Nie, nie mylisz się, ale też z tą Meduzą nie jest dokładnie tak. W kolejnych rozdziałach wyjaśnię
Ja bym taką książkę nazwała „Życiem Paula Cytrynki”, nie Lemona. (Pomińmy fakt, że po angielsku to by brzmiało tak samo, ok?) I w pierwszym akapicie chyba nie napisałabym „Nazywam się Paul. Jestem synem Apollina. Tego faceta z lirą”. Przy okazji, odziedziczył po nim wężofobię?
Ej, Cytrynka jest bogiem? I to dlatego Chejron chce go z powrotem do Obozu?
Porównanie oczu do oceanu było genialne!
„– Czuły gest, dzięki. Ale następnym razem kup mi zatyczki do uszu.” i „Odruchowo odwróciłem głowę w poszukiwaniu ludzi zmieniających się w płonące winorośle. ” też było genialne, uśmiałam się~!
„A(,) i martensy.” – przecinek.
„– Pomogę tobie – zaproponował.” – To brzmi nienaturalnie, powinno być „ci”. Co innego w następnej wypowiedzi, tam rzeczywiście pasuje „tobie”. Te dopiski w nawiasach z dużych liter. Jestem prawie pewna, że pisało się je z małej…

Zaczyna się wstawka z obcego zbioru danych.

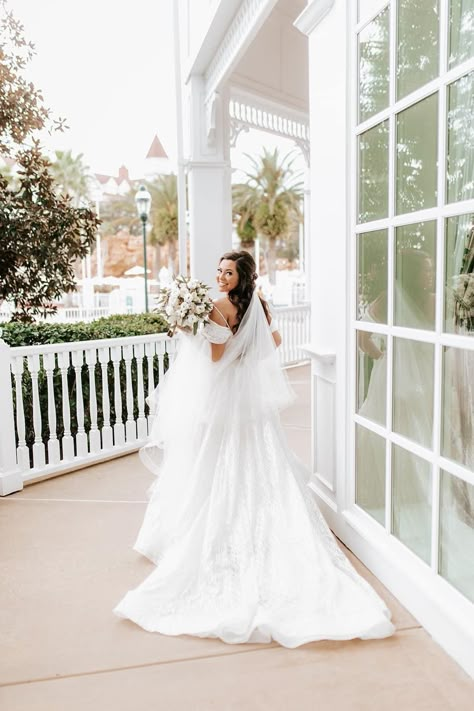 Disney Grand Floridian Wedding, Grand Floridian Wedding Photos, Grand Floridian Engagement Photos, Disney Wedding Photography, Disney Wedding Photos, Flo Photoshoot, Disney Photography Ideas, Disney Wedding Pavilion, Nature Princess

I jeśli chodzi o tego typu rzeczy, to ten rozdział był trochę… *szuka odpowiedniego słowa* …niedopracowany. Nie brakowało humoru ani świetnych przemyśleń Cytrynki, ale opisy były trochę pobieżne i mało szczegółowe. Dla przykładu, mogłabyś rozwinąć to wspomnienie. Mógłby nawiązać więcej do tego, jak to zapamiętał, czy coś się różniło, nie wiem, dokładniej opisać okolicę, reakcję i zachowanie Andrew z większymi szczegółami czy coś… Przy okazji, bo wcześniej chyba tego nie pisałam, shippuję ich ;D W końcu Cytrynka sam nazwał go przystojnym, „jedynym dobrym rozdziałem” i zwrócił uwagę na jego wygląd, a chłopaki raczej tego nie robią. Znaczy, osobiście nie znam osób, które by się tak zachowywały.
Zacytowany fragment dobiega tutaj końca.